> **STUDY MATERIAL**:
^^^^^^^^^^^^^^^^

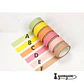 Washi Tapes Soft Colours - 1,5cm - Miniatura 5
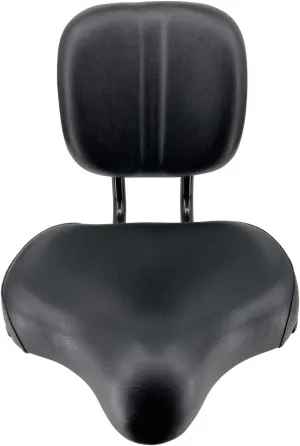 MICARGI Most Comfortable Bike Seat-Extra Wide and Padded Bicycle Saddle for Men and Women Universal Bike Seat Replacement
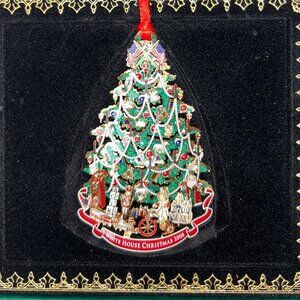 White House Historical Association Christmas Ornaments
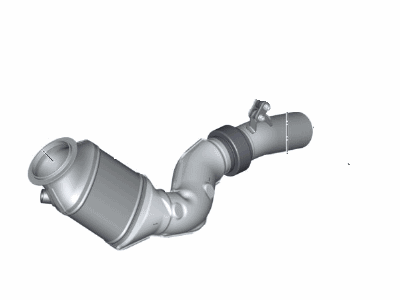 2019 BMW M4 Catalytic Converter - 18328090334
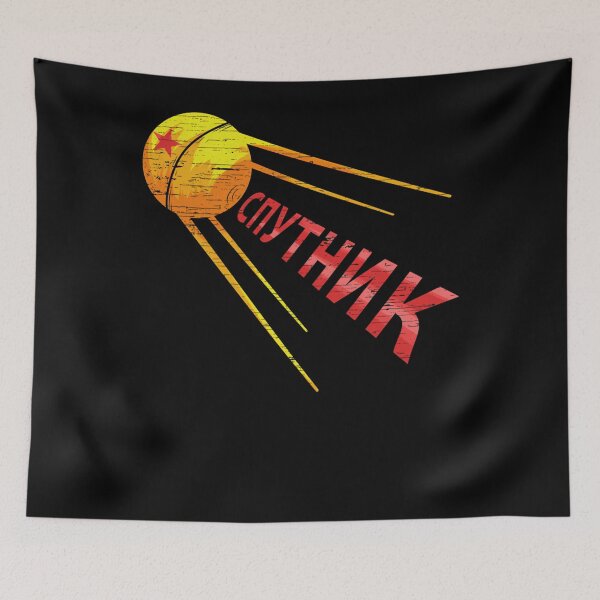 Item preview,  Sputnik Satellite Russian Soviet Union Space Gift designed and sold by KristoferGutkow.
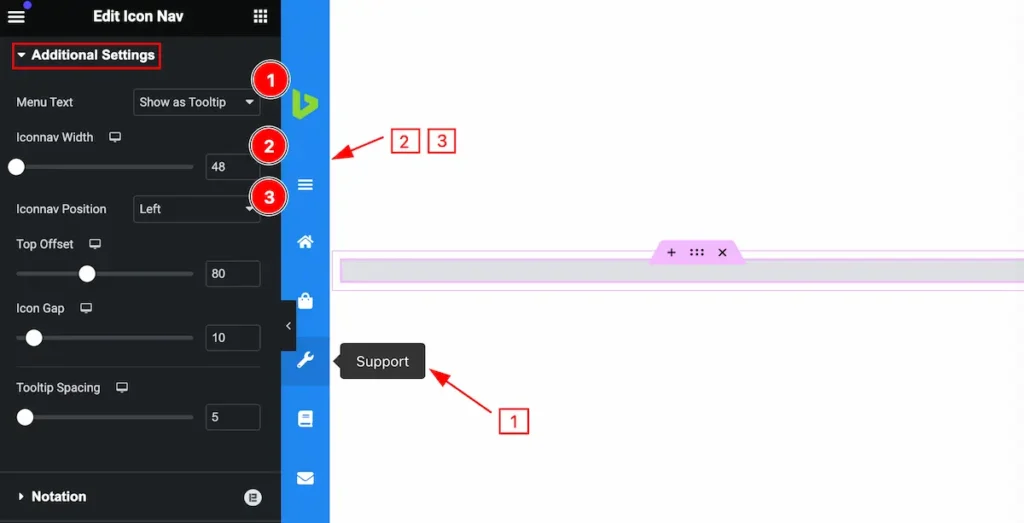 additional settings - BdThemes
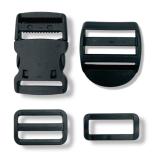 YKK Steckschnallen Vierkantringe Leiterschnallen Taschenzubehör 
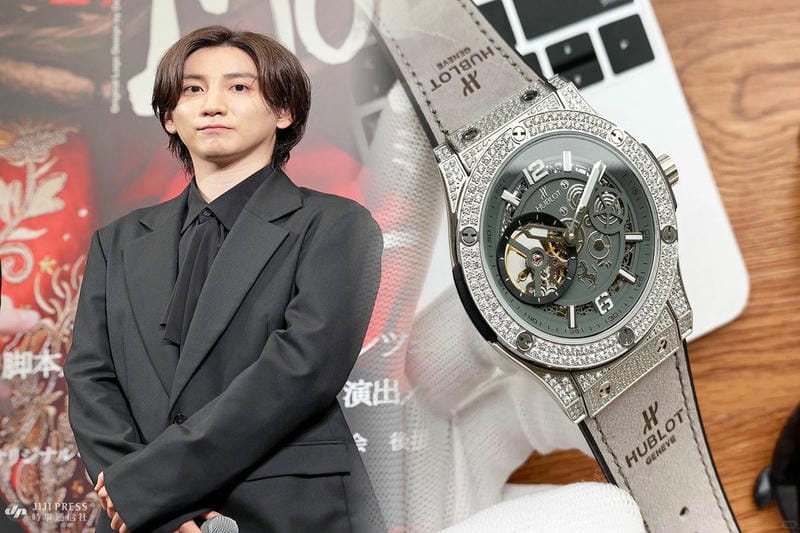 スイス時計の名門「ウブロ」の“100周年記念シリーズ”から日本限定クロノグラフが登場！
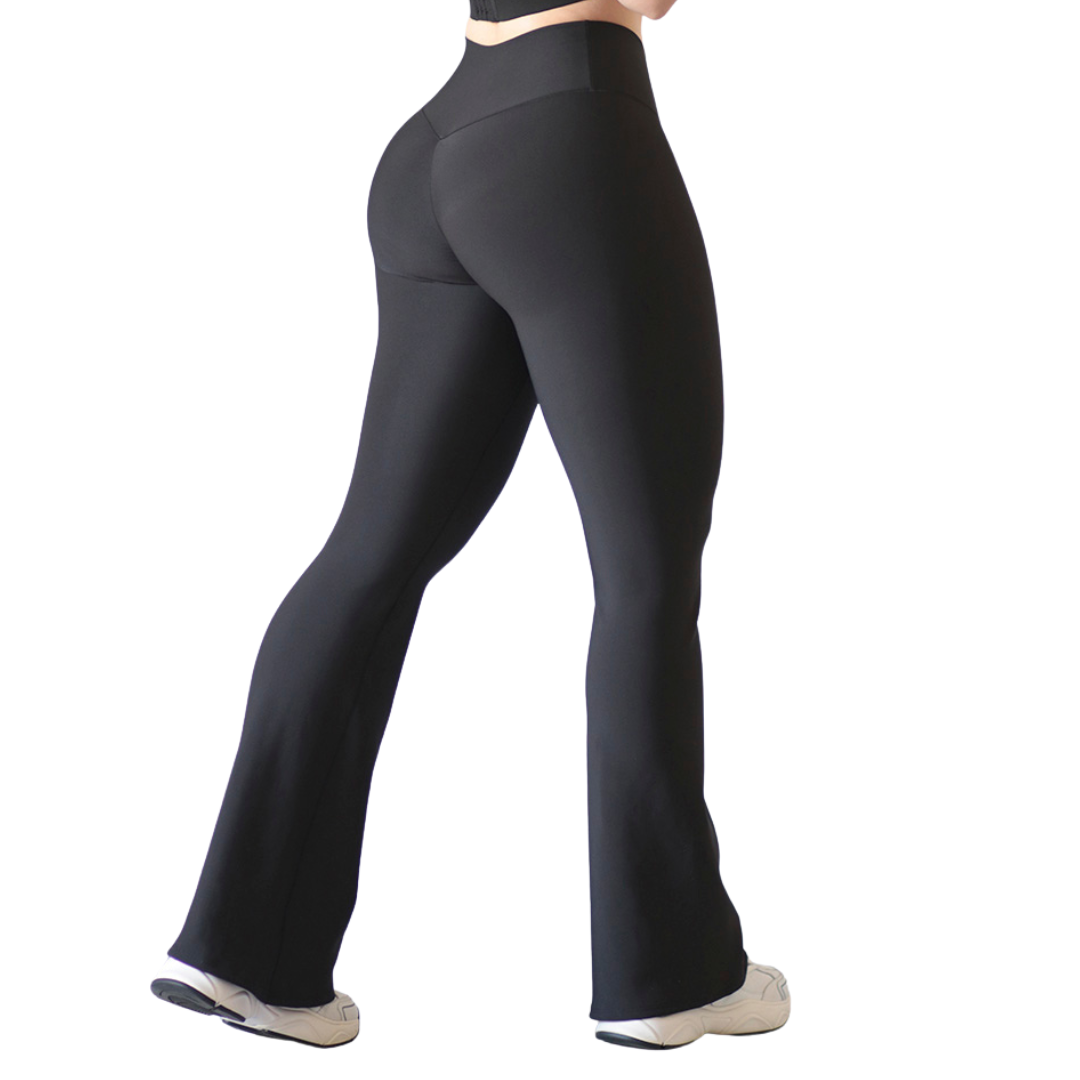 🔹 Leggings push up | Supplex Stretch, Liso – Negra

^^^^^^^^^^^^^^^^

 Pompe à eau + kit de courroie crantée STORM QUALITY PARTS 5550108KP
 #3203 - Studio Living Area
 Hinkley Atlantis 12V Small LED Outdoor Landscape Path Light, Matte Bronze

^^^^^^^^^^^^^^^^

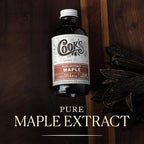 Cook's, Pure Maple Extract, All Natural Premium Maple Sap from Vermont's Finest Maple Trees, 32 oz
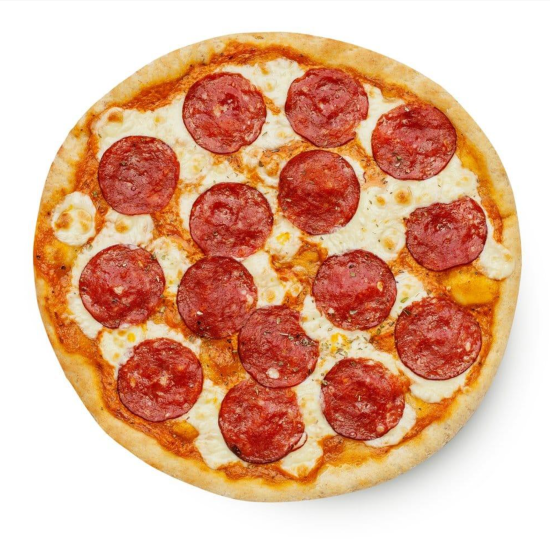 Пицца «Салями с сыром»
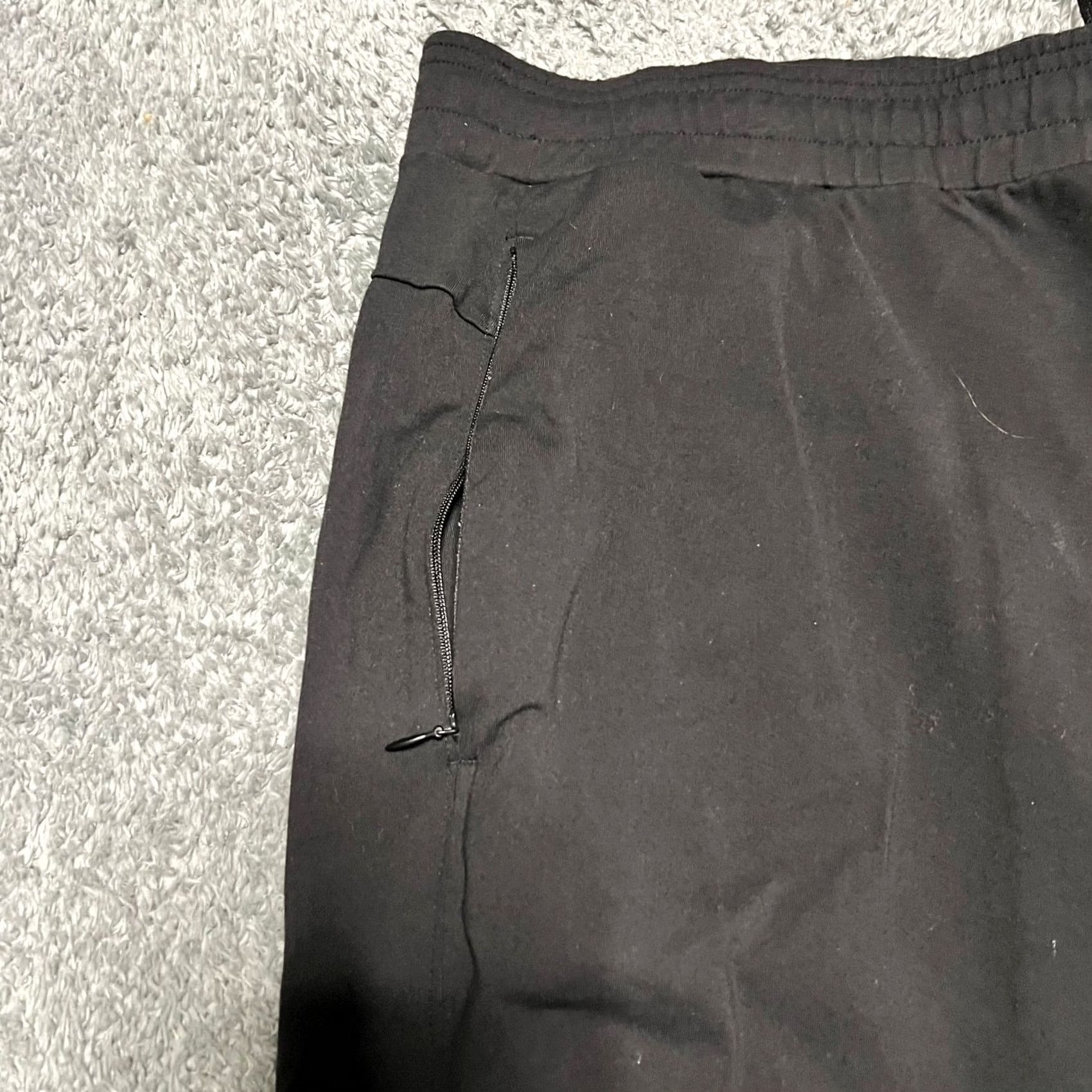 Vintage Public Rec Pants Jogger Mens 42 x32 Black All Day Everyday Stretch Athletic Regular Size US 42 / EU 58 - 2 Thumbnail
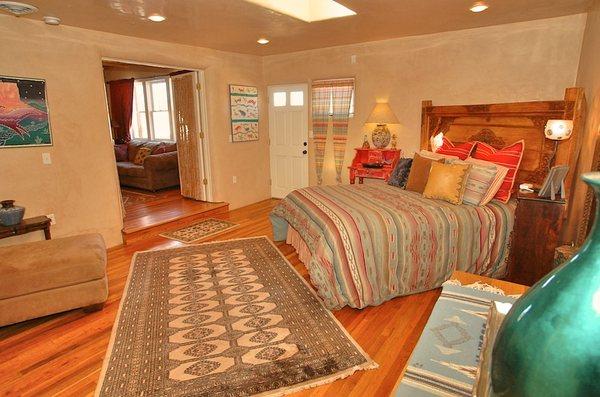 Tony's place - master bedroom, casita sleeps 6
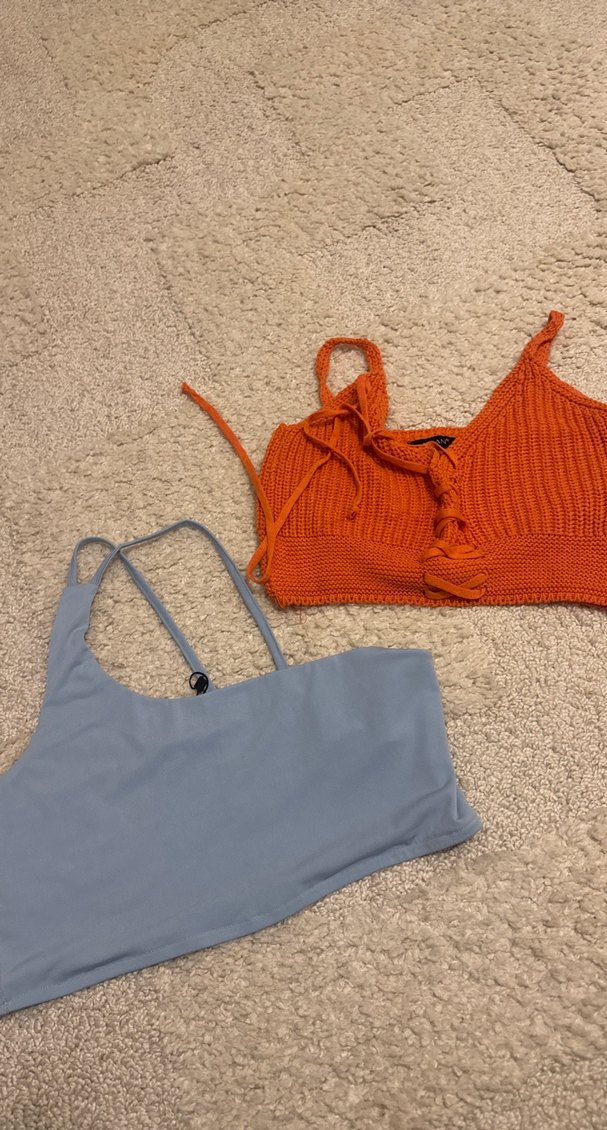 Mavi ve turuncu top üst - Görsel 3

^^^^^^^^^^^^^^^^

> **PROBLEM TO SOLVE**: I would like the exact lines from the data above, starting with the one that holds "White House Historical" and going on through the one that holds "additional settings - BdThemes", without the pictures.

> **YOUR RESPONSE**:
 White House Historical Association Christmas Ornaments
 2019 BMW M4 Catalytic Converter - 18328090334
 Item preview,  Sputnik Satellite Russian Soviet Union Space Gift designed and sold by KristoferGutkow.
 additional settings - BdThemes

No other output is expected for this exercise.